AP Photo/Bullit Marquez
Philippine President Rodrigo Duterte expressed regret Tuesday over his "son of a whore" remark while referring to President Barack Obama, in a rare display of contrition by a politician whose wide arc of profanities has unabashedly targeted world figures including the pope and the U.N. chief.
In a statement read out by his spokesman, Duterte said that while his "strong comments" in response to questions by a reporter "elicited concern and distress, we also regret it came across as a personal attack on the U.S. president."
Duterte had made the intemperate remarks Monday before flying to Laos, where he is attending a regional summit. He had been scheduled to meet Obama separately in Laos, but Obama indicated he had second thoughts, and the White House announced that the meeting had been canceled.
The Philippines did not comment publicly on the cancellation until about nine hours later, when Duterte's statement said that both sides had "mutually agreed to postpone" the meeting.
Even though Duterte's latest comment does not amount to an apology, the expression of regret is unusual for the tough-talking former mayor, who is unapologetic about his manner of speech and liberally peppers casual statements with similar profanities.

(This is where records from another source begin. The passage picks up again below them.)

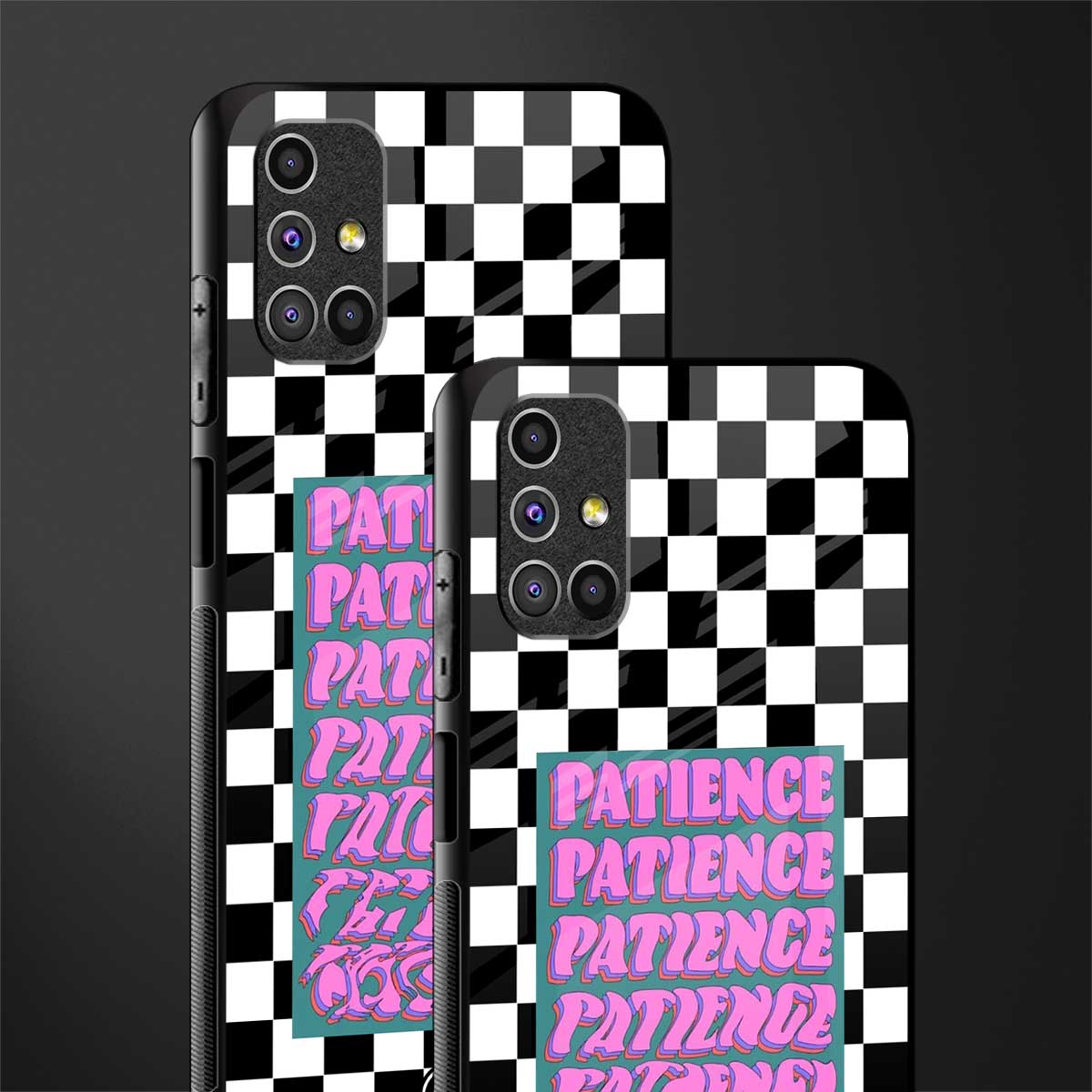 patience checkered glass case for samsung galaxy m51 image-2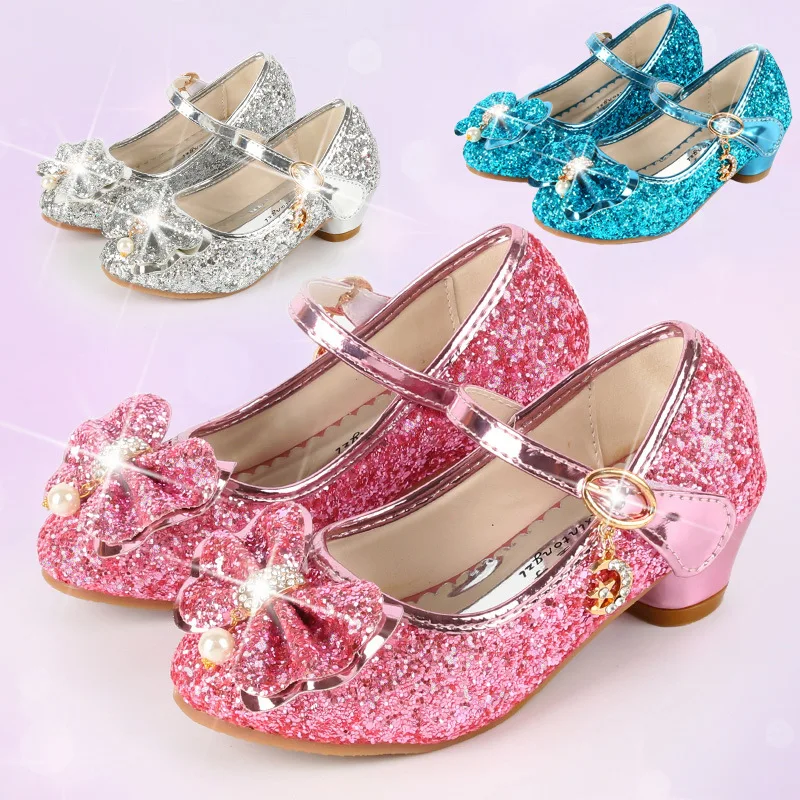 New Princess Kids Leather Shoes For Girls Flower Casual Glitter Party Children High Heel Shoes Butterfly Knot Blue Pink Silver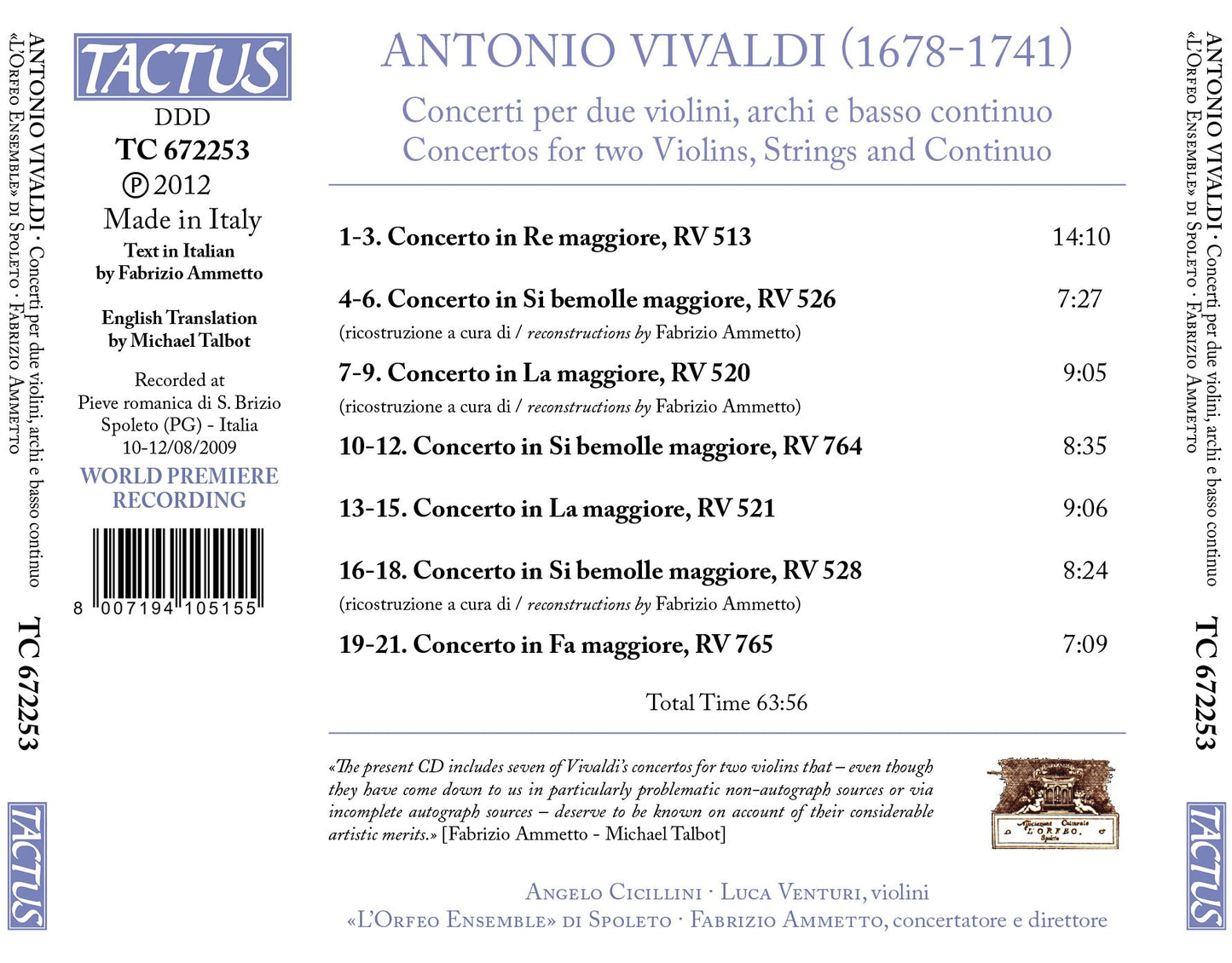 Vivaldi: Concerto per 2 violini, archi & basso continuo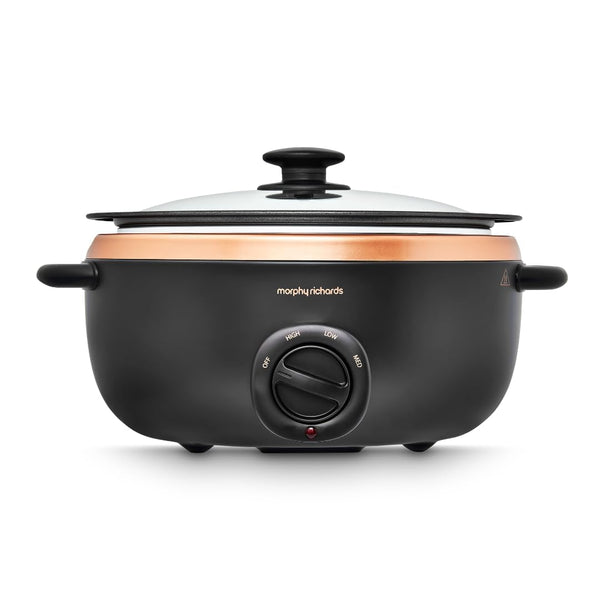 Morphy Richards 6.5L Sear and Stew Slow Cooker, Dishwasher Proof Non Stick Aluminum Pot, Cool Touch Handles, Matte Black and Rose Gold, 461016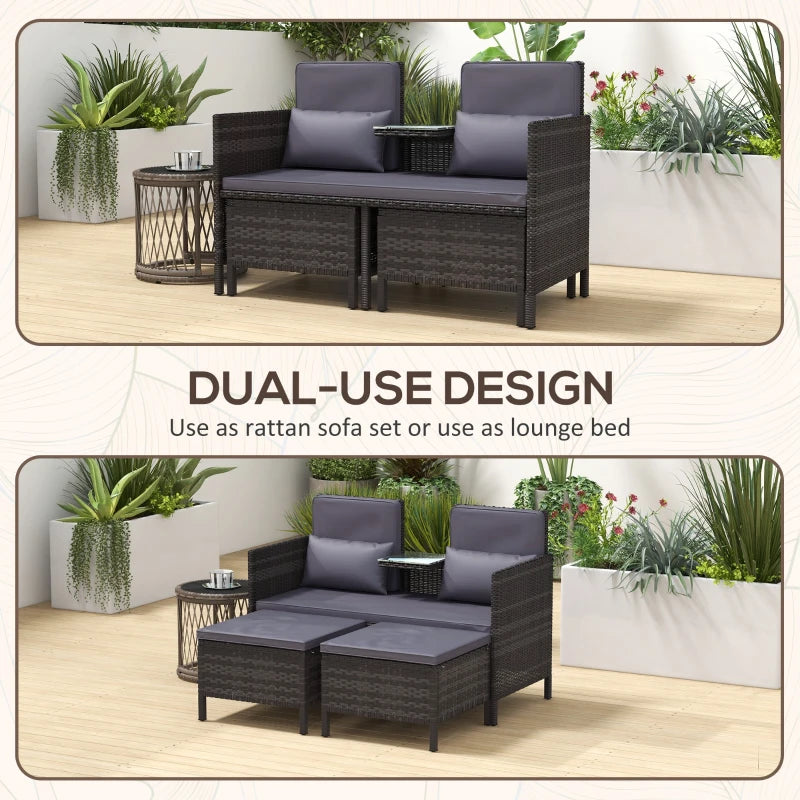 Meubles de rotin de patio, ensembles de canapés de conversation, meubles de balcon en osier en plein air avec table moyenne et coussin, gris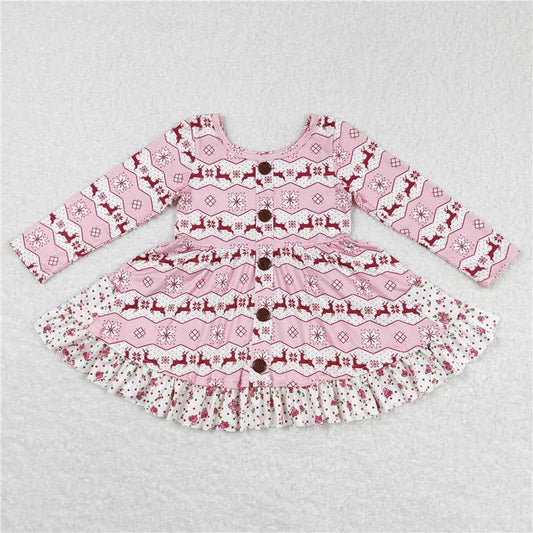 6.18 RTS NO MOQ Baby Girls Long Sleeve GLD0433 Christmas Pink Deer Ruffle Knee Length Dresses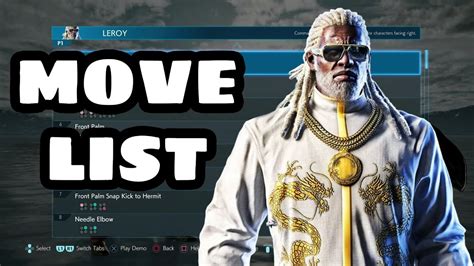 Tekken 7 Leroy Smith Move List Command List YouTube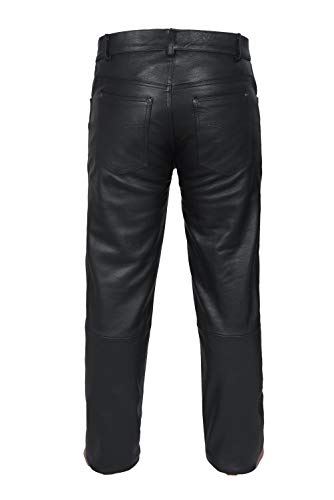 PGS Men\'s Cow Skin Full Grain Motorcycle Heavy Duty Leather Motorbike Pants Racing Riding Biker Black Pant (US, Waist, 44, Regular, Black)
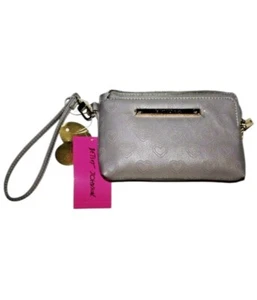 NEW Betsey Johnson XOTALLIG Hearts Double Zip Wristlet Gray Valentine's Day New - Picture 1 of 4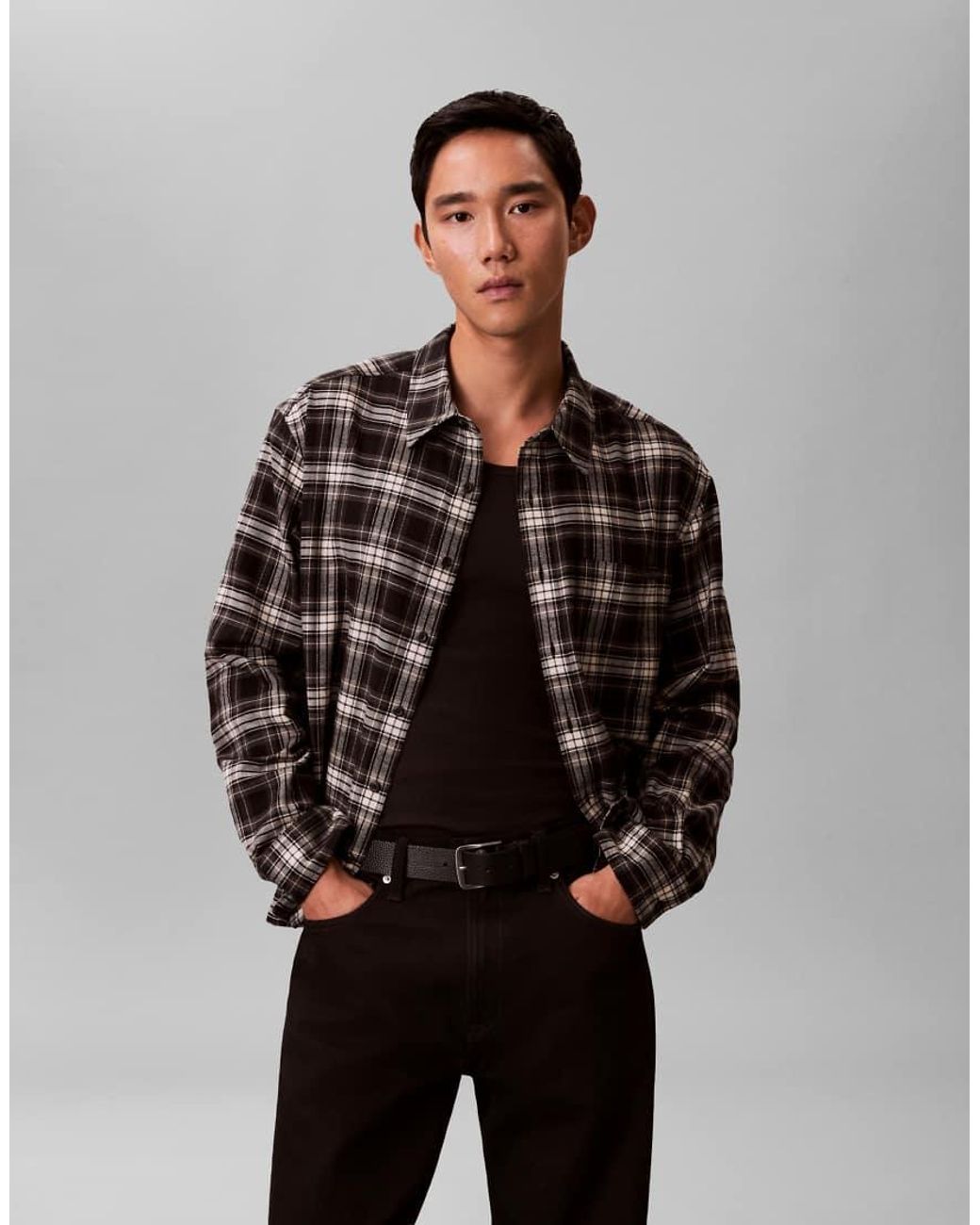 Calvin Klein Black Boxy Fit Check Shirt for men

But perhaps Duterte's aides realized it would be unwise to take on the most powerful official in the world, and that there would be a price to pay for insulting the president of the United States.
The U.S. is one of the Philippines' largest trading partners and a key security ally in its fight against terrorism in the country's south. Manila also needs Washington's help in dealing with a more assertive China in the disputed South China Sea. The U.S. also provides hundreds of millions of dollars in annual financial assistance to the Philippine military.
Duterte likely had realized his folly by the time he arrived in the Laotian capital of Vientiane on Monday night.
Speaking to reporters here, he said, "I do not want to quarrel with the most powerful country on the planet," but immediately took his typical combative approach by saying: "Washington has been so liberal about criticizing human rights, human rights and human rights. How about you? I have so many questions also about human rights to ask you. So ... people who live in glass houses should not" throw stones at others.
He said if the White House had problems with him, it could have sent him a diplomatic note and let him respond. "There's a protocol for that," Duterte said. "You just cannot shoot a statement against the president of any country."
But by Tuesday, he had done a complete U-turn in the tone of his statement.
"We look forward to ironing out differences arising out of national priorities and perceptions, and working in mutually responsible ways for both countries," the statement said.
The flap over Duterte's remarks started when a reporter asked him how he intends to explain the extrajudicial killings of drug dealers to Obama. More than 2,000 suspected drug dealers and users have been killed since Duterte launched a war on drugs after taking office on June 30.
In his typical foul-mouthed style, Duterte responded: "I am a president of a sovereign state and we have long ceased to be a colony. I do not have any master except the Filipino people, nobody but nobody. You must be respectful. Do not just throw questions. Putang ina, I will swear at you in that forum," he said, using the Tagalog phrase for "son of a whore."
Duterte has previously cursed Pope Francis and U.N. Secretary-General Ban Ki-moon.
"Who is he (Obama) to confront me?" Duterte said, adding that the Philippines had not received an apology from the United States for misdeeds committed during its colonization of the country.
He pointed to the killing of Muslim Moros more than a century ago during a U.S. pacification campaign in the southern Philippines, blaming the wounds of the past as "the reason why (the south) continues to boil" with separatist insurgencies.
Last week, Duterte said he was ready to defend his bloody crackdown on illegal drugs, which has sparked concern from the U.S. and other countries.
Duterte said he would demand that Obama allow him to first explain the context of his crackdown before engaging the U.S. president in a discussion about the deaths.
Duterte has had a troublesome relation with the United States, questioning its inability to stop genocidal killings in the Middle East and Africa, and citing U.S. police shootings of black Americans that have set off protests.
He has also taken on a more conciliatory position with U.S. rival China. Philippines-China ties were strained under Duterte's predecessors due to territorial conflicts in the South China Sea. Duterte proclaimed early in his presidency that he would pursue a foreign policy not dependent on the United States.
Former Philippine Foreign Secretary Albert del Rosario, under whose watch U.S.-Philippine relations blossomed, expressed disappointment over the aborted meeting with the U.S.
"An invaluable occasion to have our leaders meet for the purpose of discussing how to strengthen our comprehensive areas of cooperation would have been a golden opportunity," del Rosario said.